IBM's approach to implementing a 32/64-bit architecture appears straightforward. The 970 supports full 64-bit registers and addressing. When a flag bit is sent it triggers a 32-bit mode in which the high-order words on an arithmetic logic unit and on memory addresses are ignored. In either 64- or 32-bit mode, the processor issues up to eight instructions per clock cycle.

Thus, 32-bit PowerPC applications run unchanged on the 970. However, a 32-bit operating system would have to support new data structures in its memory management unit and new interrupt handlers.

and this pretty much explains why the IBM chip is very real possibility :

Besides the 64-bit capability, the PowerPC 970 includes IBM's first support for what Motorola calls the Altivec instruction set and Apple refers to as its Velocity engine. IBM simply cites the capability of the 160 vector instructions in its SIMD engine to speed graphics and multimedia operations. IBM had opted not to support the instruction extensions in its 32-bit PowerPC family but will bring them into the new 64-bit line. "Adobe has been the premier company taking advantage of [the Altivec extensions]," said Krewell of Microprocessor Report.

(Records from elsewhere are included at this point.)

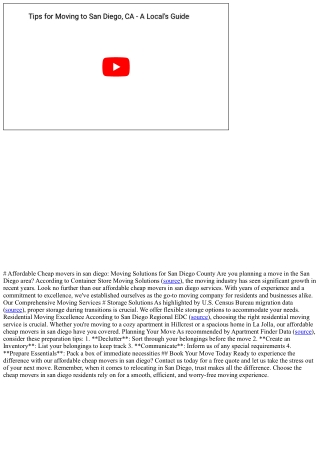 # Affordable Cheap movers in san diego: Moving Solutions for San Diego County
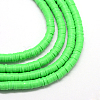 Flat Round Handmade Polymer Clay Bead Spacers X-CLAY-R067-4.0mm-08-1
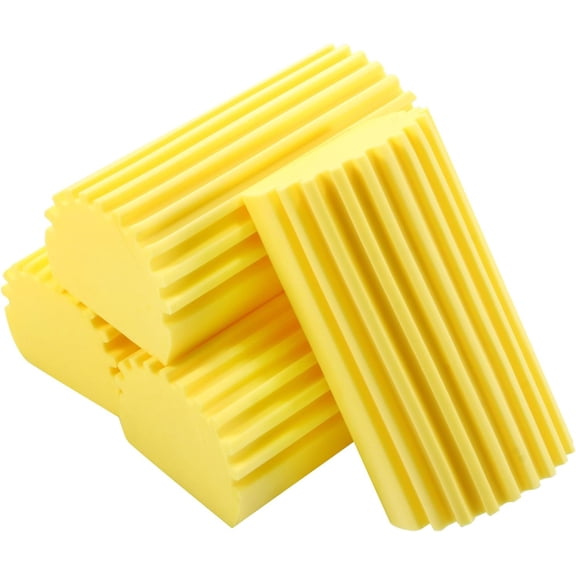 4 Pack Yellow Damp Duster Cleaning Sponge Brush Set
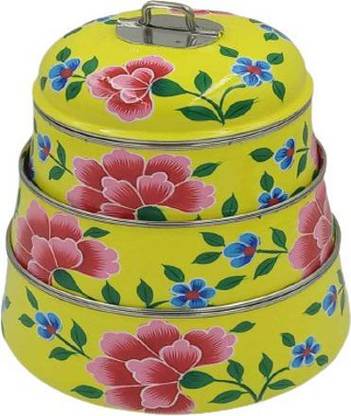 Paradise Farm Inn Elegant Kashmiri Enamelware Tiffin 3 Containers Lunch Box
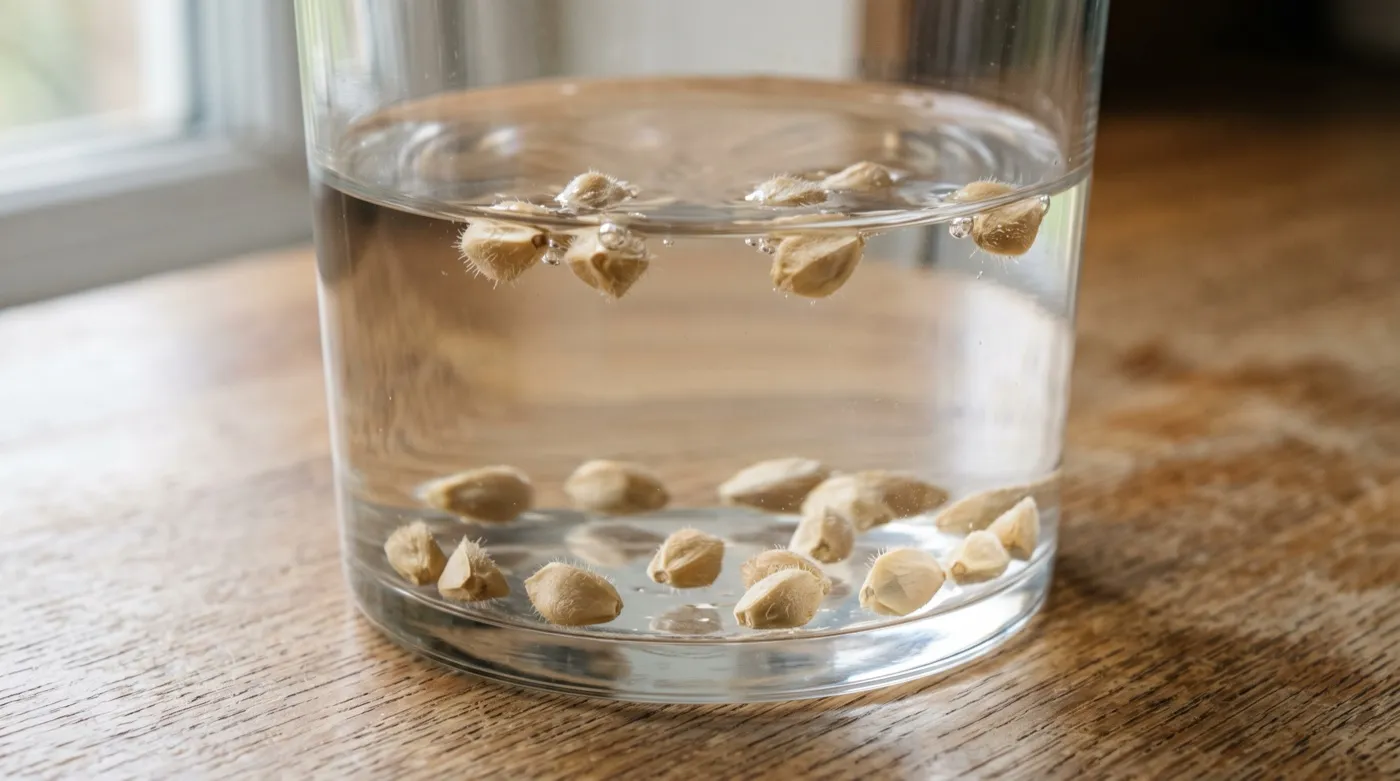 Rose seeds in a glass of water for the float test, some seeds resting on the bottom and others floating at the surface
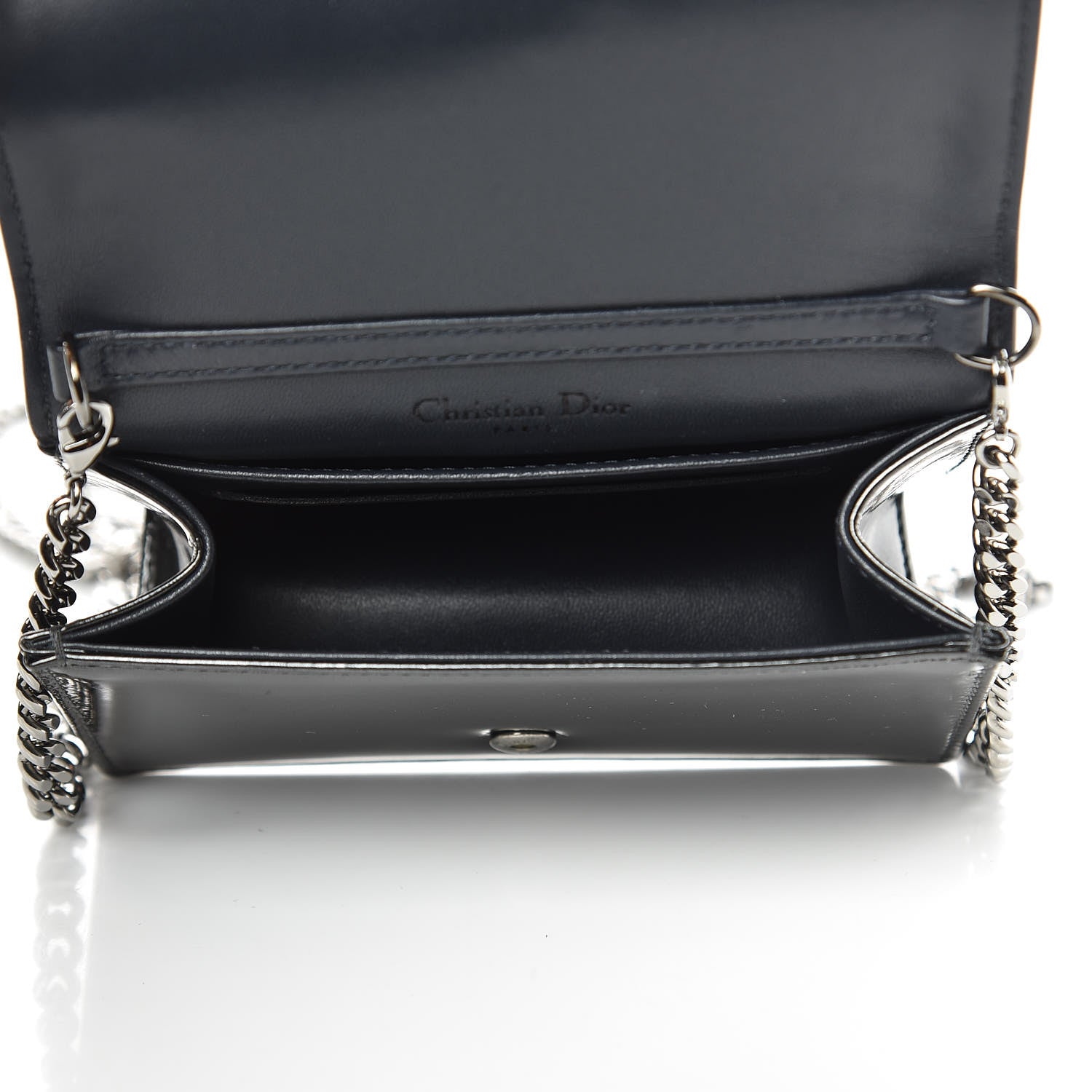 Christian Dior Metallic Patent Micro-Cannage Baby Diorama Flap Bag Onyx Black 5 of 10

It has got Altivec (just a motorola name for the 128bit SiMD unit anyway) it's got 2 of them aswell. 1 PowerPC cpu with 2 Altivec units could be like a dual G4 on 1 chip when running certain tasks like audio/video compression, software synthesis and those worthless RC5 and SETi crunch tests people like to refer to when comparing Mac and windows PC performance.

The 970 also sports a cache-coherent, 900-MHz processor bus capable of data rates up to 6.4 Gbytes/second. It will support symmetric-multiprocessing configurations of up to 16 CPUs. That capability could be valuable for Apple's new line of Xserve entry-level servers.

6.4Gb/s memory bandwidth, The G4 can only handle a measly 1.3Gb/s not even enough to fully saturate the 1 altivec unit the PPC 74xx series has.

So I think we'll see Motorola chips at 1.5Ghz in the next mac line up and then when the GPUL is ready, apple will move to the IBM chip.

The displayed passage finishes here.